Il avait inspiré le film Wargames mais dans un style beaucoup moins angélique que le héros hollywoodien joué par Matthew Broderick. Plusieurs fois arrêté. Il était surnommé le Condor et fut considéré dans les années 90 comme le roi des hackers. Kevin Miltnick vient de mourir à l’âge de 59 ans.

Sa carrière démarre dans les années 70, alors qu’il est à peine ado. Passionné d’informatique, il piège ses camarades de classe en leur fournissant des téléphones qu’il a lui-même fabriqué. À 17 ans, il se fait remarquer en pénétrant les systèmes informatiques de Motorola, Sun Microsystems, Nokia, Fujitsu et NEC. A la tête d’un « gang » de jeunes pirates comme lui, il réussit même à hacker le central téléphonique de l’opérateur Pacific Bell. Peu expérimenté dans la façon d’effacer ses traces, il se fait aisément repérer par les autorités et passe quelques semaines en prison. A peine libéré, il poursuit ses activités cybercriminelles et pirate les ordinateurs de l’Université de Californie du Sud mais surtout le réseau informatique du Pentagone. A nouveau arrêté, il va ainsi jouer au chat et à la souris avec les autorités, enchainant les incarcérations et de nouveaux exploits de criminalité informatique.

Parmi les 10 criminels les plus recherchés par le FBI

Accro au piratage, il vise encore plus haut et s’attaque au géant digital pour pirater le code source du système d’exploitation VMS de la gamme des grands systèmes Vax, présents dans de nombreuses grandes entreprises.
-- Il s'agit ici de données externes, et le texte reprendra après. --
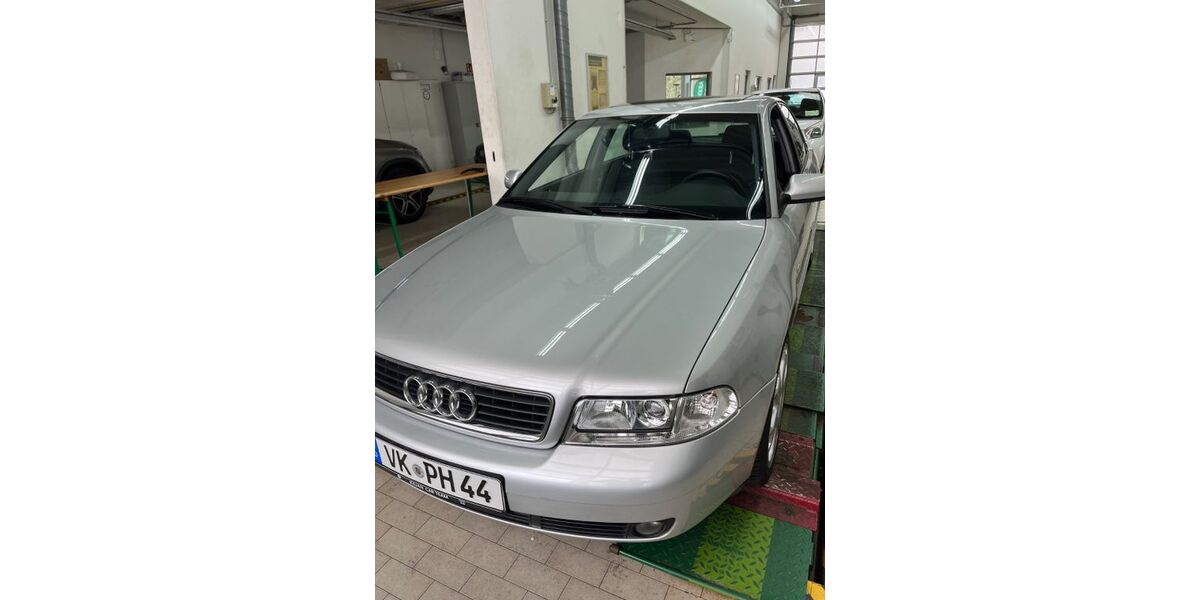 Audi A4 40.500 km 8.500 &euro; Völklingen-Ludweiler 66333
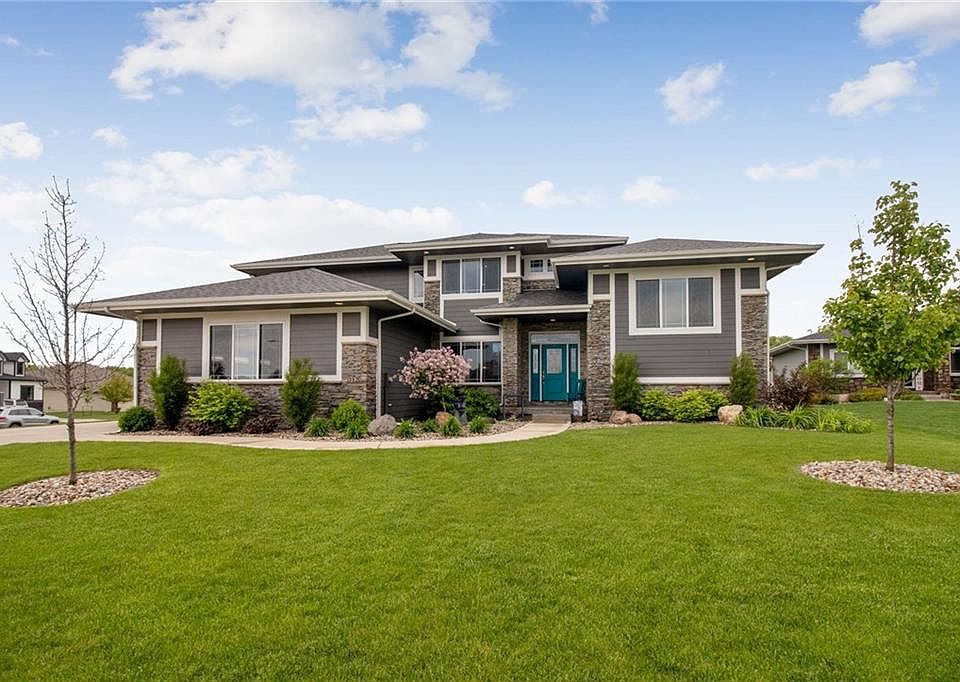 1st image of 312 Sweetwater Cir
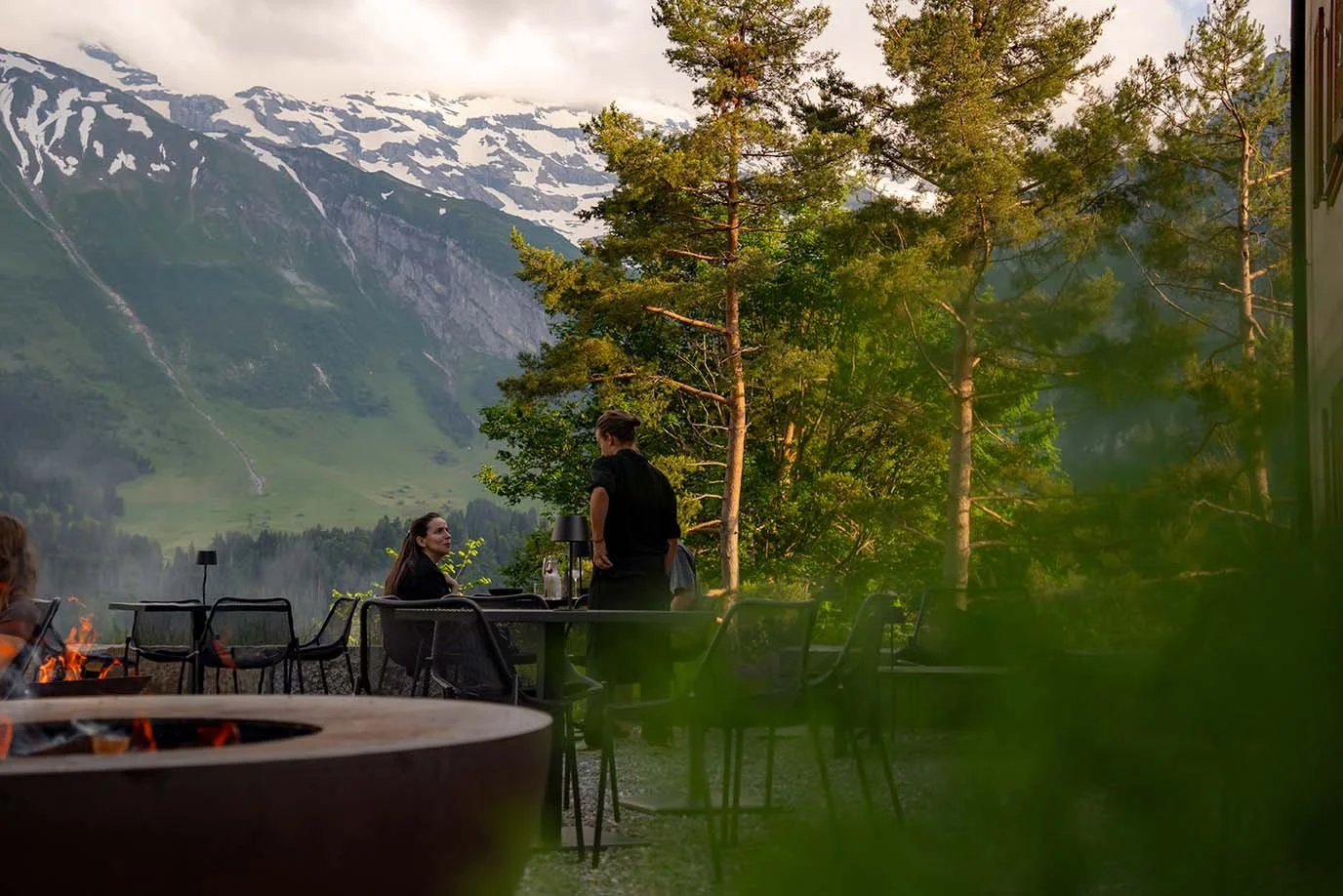 corporate-retreat-evening-fireside-switzerland.jpg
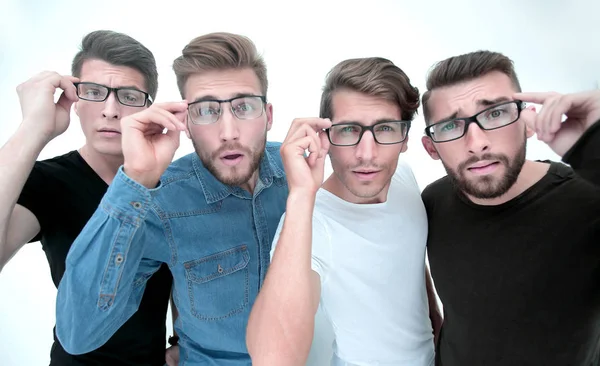 Grupo de jovens criativos olhando para você através de óculos — Fotografia de Stock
Plus aguerri aux techniques des pirates, il travaille sous pseudo, change régulièrement d’identité et va jusqu’à intercepter les communications du FBI. Agacés, les services fédéraux américains le place sur leur liste des dix criminels les plus recherchés. Piégé par deux agents du FBI, il passe un an dans les geôles américaines. En sortant, il promet de mener une vie plus tranquille mais il est rapidement rattrapé par ses démons et renoue avec les cyberattaques. Nous sommes en 1994, il échappe plusieurs fois de peu au FBI qui le piste sans discontinuer. Il sera enfin déniché en 1995 grâce à l’action d’un expert international, en sécurité, piqué au vif d’avoir été défié par Kevin Miltnick.

Un mouvement mondial de soutien « Free Kevin »

Condamné à 5 ans de prison, il verra ses fans crier à l’injustice et mener et mouvement mondial de soutien baptisé « Free Kevin ». Libéré en 2000, il s’assagit pour de bon et se reconvertit en hacker éthique. Il devient un consultant réputé et écrit plusieurs ouvrages: “The ghost in the wires”, “My advenures as the World’s most wanted hacker”, paru en 2011 et qui raconte ses années de cavale informatique, ou encore “L’art de la supercherie”, paru en 2003 et qui décrit les prémices du piratage par ingénierie sociale. Sa vie a également inspiré le film “Cybertraque”, sorti en 2000, réalisé par Joe Chapelle. Son rôle était joué par l’acteur Skeet Ulrich.
Il anime enfin des conférences travaille « à la ville » comme directeur du piratage, de la sensibilisation et de la formation de la société KnowBe4 qu’il a cofondé. C’est cette société qui a confirmé il y a quelques jours la mort de son collaborateur le plus célèbre.